LAGOS — FOLLOWING the release of the new foreign exchange policy, the Nigeria Customs Service has pegged import duty rate at N282 to a dollar with effect from July 1.
This may result in higher duty for imports made before the new policy was introduced. The implication of the increment is that more cargoes may be abandoned at the ports.
The Customs service had earlier in the year attempted to adopt exchange rate of N285 for the purpose of calculating payable duty and rates, but the move was truncated. The Customs Public Relations Officer; Mr. Wale Adeniyi, had, at the time, denied the report, stressing that the extant rate issued by Central Bank of Nigeria, CBN, which was N197, remains the basis for duty calculation.
However, the Public Relation Officer of the Tin Can Island Port Customs Command, Mr. Chris Osunkwo, confirmed that the Customs rate for duty calculations had finally been changed at commands across the country to N282 per dollar.
He said: “From our system, the exchange rate has been changed to N282.” Foreign currency He said, a circular issued by the CBN to the Customs in 2016, stated that payable duty on all imports would be calculated based on the exchange rate at the time of placing import order. This fact, he said is contained in the circular dated May 28, 2015/No 015, titled: Application of Exchange Rate at the Time of Making Entry.
The circular said: “Where the value of imported goods is shown in foreign currency, such value is to be converted to the equivalent of Nigerian currency as at the rate at the time of making declaration to Customs. “Going by the provisions of this circular, it is quite clear and incontrovertible that the exchange rate has changed.” Osunkwo, however, said that determining the duty payable was not a Customs affair, stating that the directive is from the CBN and Customs only applies the provisions of the circular.
According to him, “it means that if by tomorrow the dollar drops to N200, it means we would apply N200. “For quite some time, we have been too liberal such that the exchange rate (no matter what prevailed) still remains at N197, but if you go by the law, it means that we have to adjust to the the prevailing foreign exchange market rate.” He told Vanguard that some clearing agents had expressed worry at the development and had consequently been asking questions. He, however, assured that clarification had been made to the agents.
Also, clearing and forwarding agents at the nation’s ports have warned that prices of commodities would continue to rise at the markets in response to the applications of new exchange rate regime at the port.
Speaking to Vanguard on the development, a Licensed Customs agent and logistics expert, Mr. Lucky Amiwero, said “the move would drastically reduce the level of importation.” Amiwero also said that the manufacturing sector would be adversely affected as diesel now sell for N200, adding that this will certainly affect manufacturers and the end result will be increase in the prices of goods and services.

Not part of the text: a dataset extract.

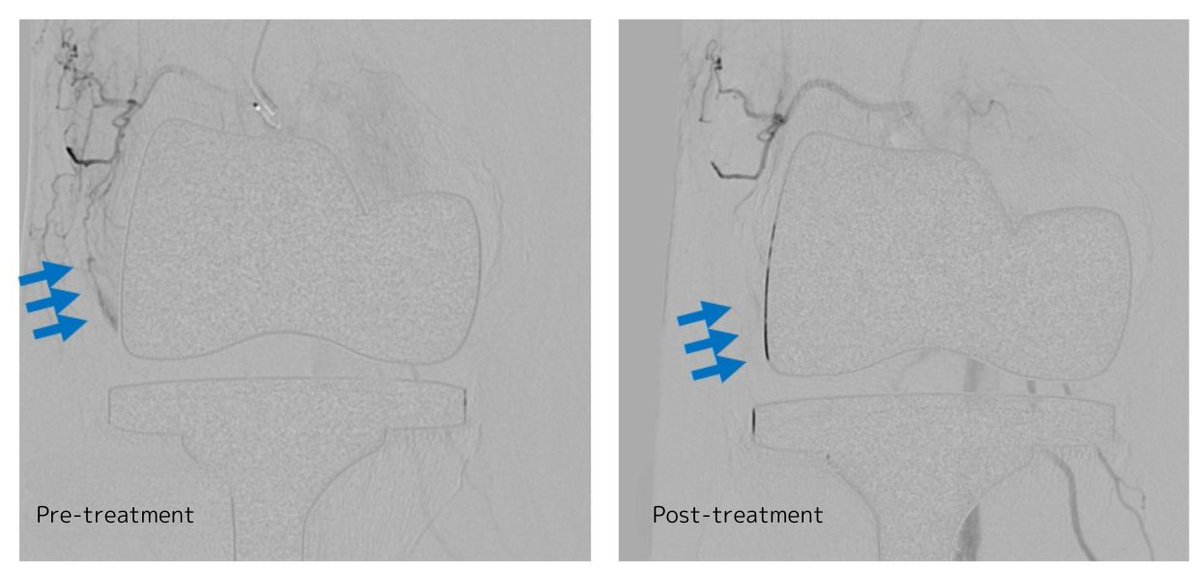 We found unnecessary blood vessels causing the bleeding. After catheter treatment to reduce these vessels, there's been no recurrence for a year.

“The economic situation at the moment is very bad and we do not have to pretend about it,” he added On his part, a financial expert, Mr. Philip Okotie, said the increment would, no doubt, affect importation and the Customs as an organisation. He said:
“The government should encourage people to do their businesses and not discourage them. Besides, the fact that people’s purchasing power is not increasing, the new import duty will add to the economic woos of Nigerians.”